Copy exactly, beginning with the line holding "Rapunzel - Bethan Woollvin (Paperback)" and ending with the final line of the data beneath this task; copy nothing else, and leave out every picture.

Start of Block

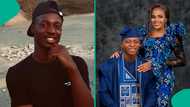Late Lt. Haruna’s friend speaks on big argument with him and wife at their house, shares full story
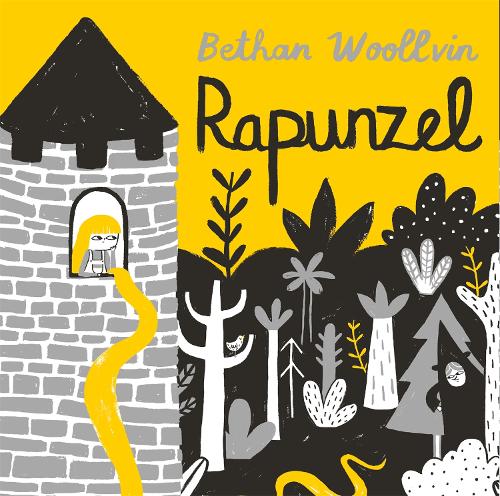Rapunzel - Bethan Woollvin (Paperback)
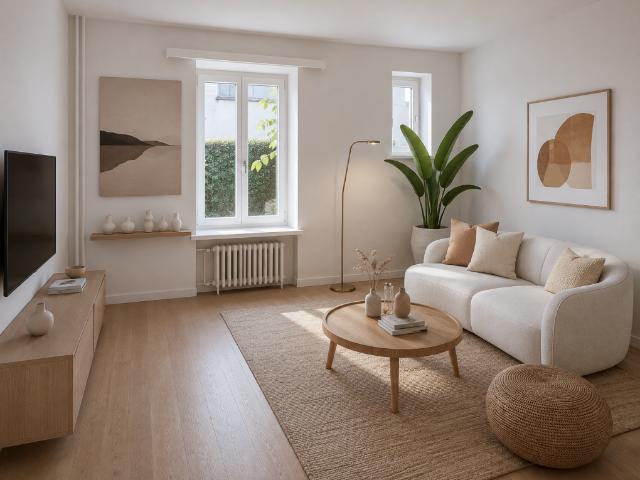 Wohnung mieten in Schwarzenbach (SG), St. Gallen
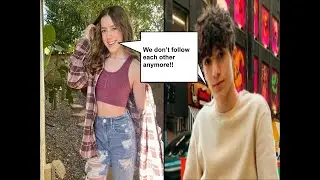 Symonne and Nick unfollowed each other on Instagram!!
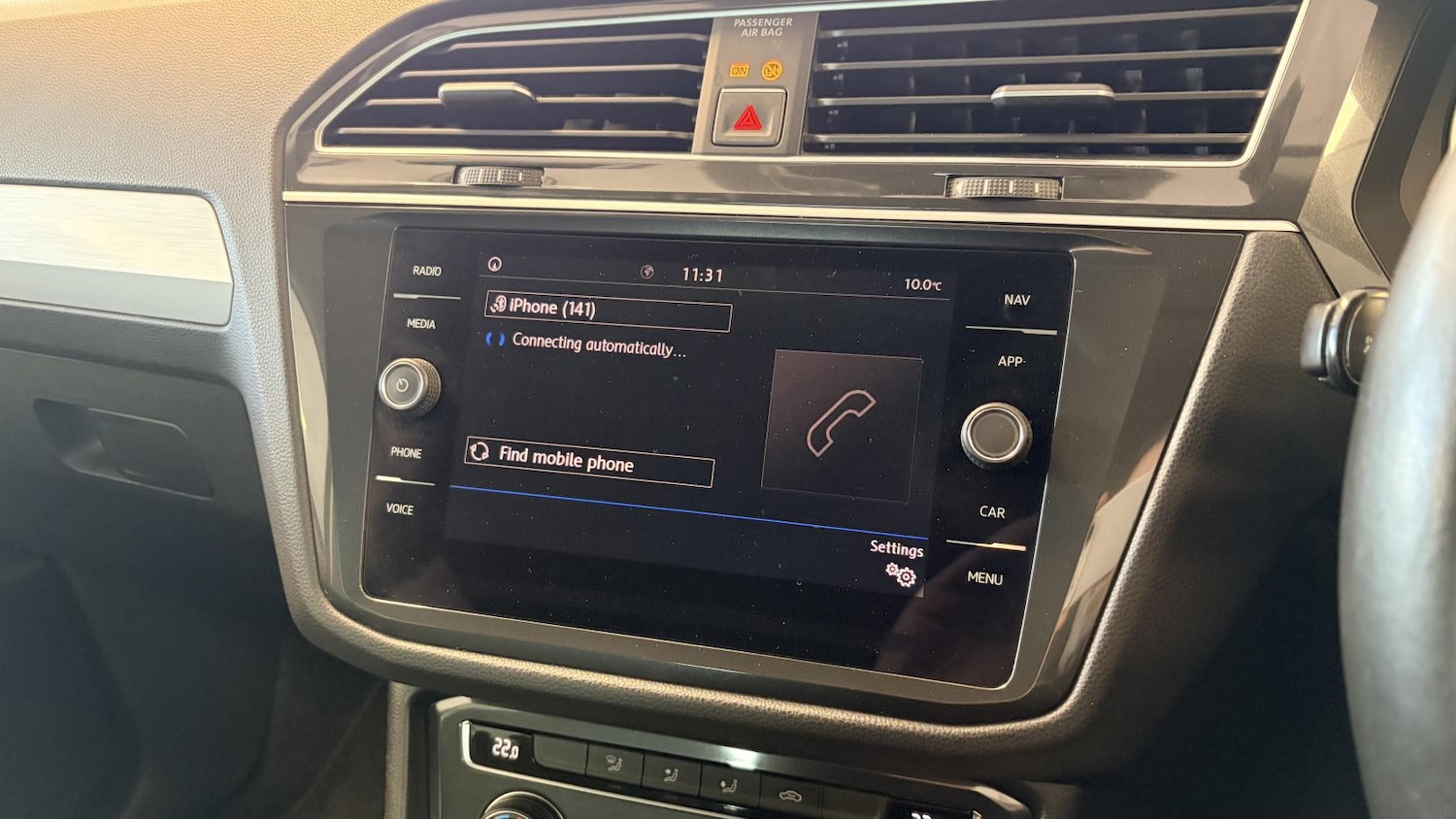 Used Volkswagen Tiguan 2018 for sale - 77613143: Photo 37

End of Block

* _Answer to the exercise_:
Rapunzel - Bethan Woollvin (Paperback)
 Wohnung mieten in Schwarzenbach (SG), St. Gallen
 Symonne and Nick unfollowed each other on Instagram!!
 Used Volkswagen Tiguan 2018 for sale - 77613143: Photo 37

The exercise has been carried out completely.